Restate every line below word for word, but drop each picture.

Stored data:
►

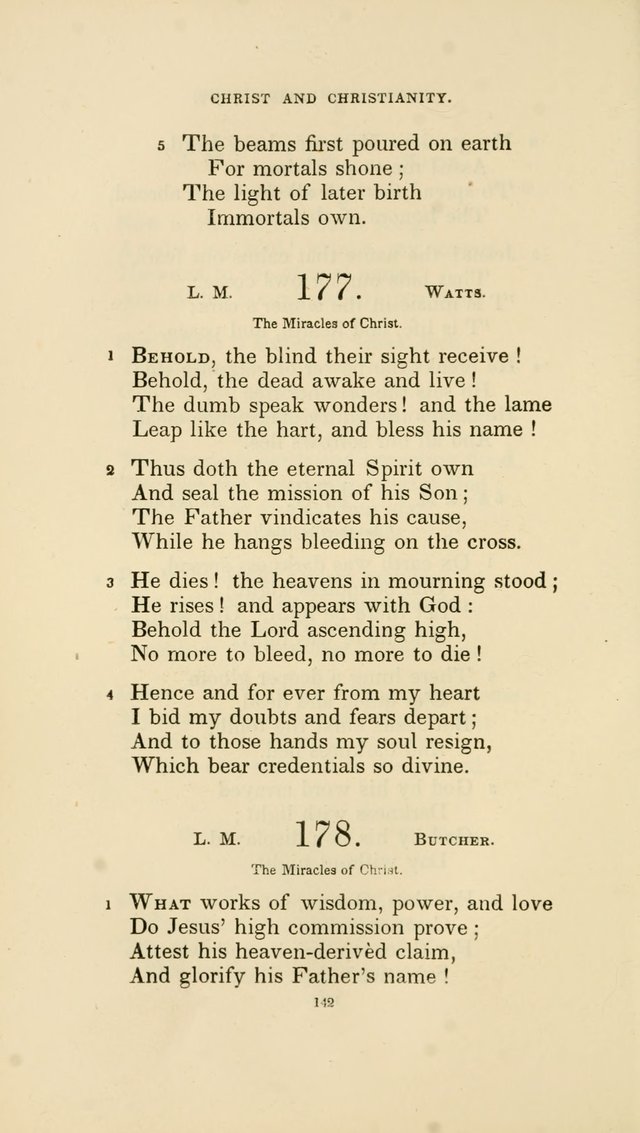 Hymns for the Sanctuary page 143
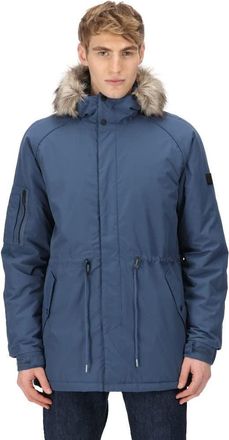 Regatta Salinger III Mens Jacket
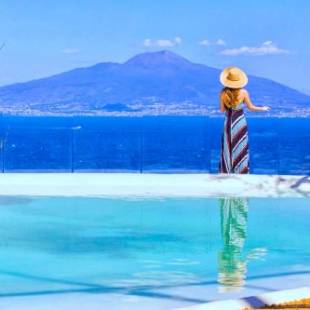 Фотографии мини отеля 
            Sorrento Dream Resort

◄

Reply:
 Hymns for the Sanctuary page 143
 Regatta Salinger III Mens Jacket
 Фотографии мини отеля 
            Sorrento Dream Resort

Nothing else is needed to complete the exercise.